Kolumne: Die Ökonomin Die Zerstörung der Aktienkultur

Firmen wie Rocket Internet liefern viele Gründe, die Finger von Aktien zu lassen. Das Internetunternehmen von Oliver Samwer nutzt die Corona-Krise aus, um Anleger zu verprellen. Auch Konzerne, die nur noch virtuelle Hauptversammlungen anbieten wollen, schüren Frust.
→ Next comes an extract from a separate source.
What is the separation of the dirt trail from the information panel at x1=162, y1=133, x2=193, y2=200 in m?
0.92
Börsengang 2014 von Rocket Internet.

Börsengang 2014 von Rocket Internet.

Foto: dpa / Michael Probst

Die Deutschen sind Aktienmuffel: Nur jeder siebte hält Aktien oder Anteile an Aktienfonds – obwohl man mit Alternativen wie dem Sparbuch nichts verdienen kann. In skandivanischen Ländern liegt die Aktionärsquote doppelt so hoch, in den USA gar bei 25 Prozent. Und es wird schlimmer: 2019 kehrten über 600.000 Anleger der Börse den Rücken. Manche Firmen tun alles, um weiteren Bürgern die Lust auf Aktien zu verleiden.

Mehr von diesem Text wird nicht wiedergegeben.